## DATA SEGMENT
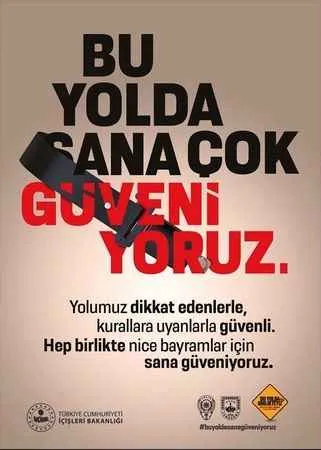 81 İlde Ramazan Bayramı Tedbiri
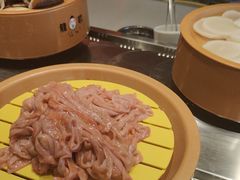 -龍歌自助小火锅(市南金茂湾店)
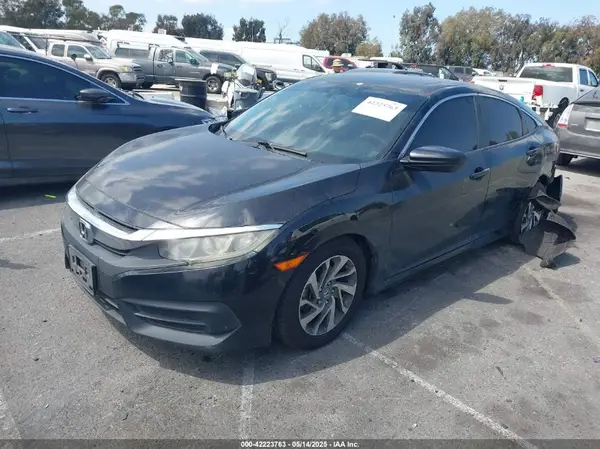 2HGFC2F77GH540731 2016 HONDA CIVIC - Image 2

## WORK TO BE COMPLETED
Give back, word for word, the lines from the one containing "-龍歌自助小火锅(市南金茂湾店)" through the last line of the listing above; include both ends and exclude the pictures.

## TASK RESPONSE
 -龍歌自助小火锅(市南金茂湾店)
 2HGFC2F77GH540731 2016 HONDA CIVIC - Image 2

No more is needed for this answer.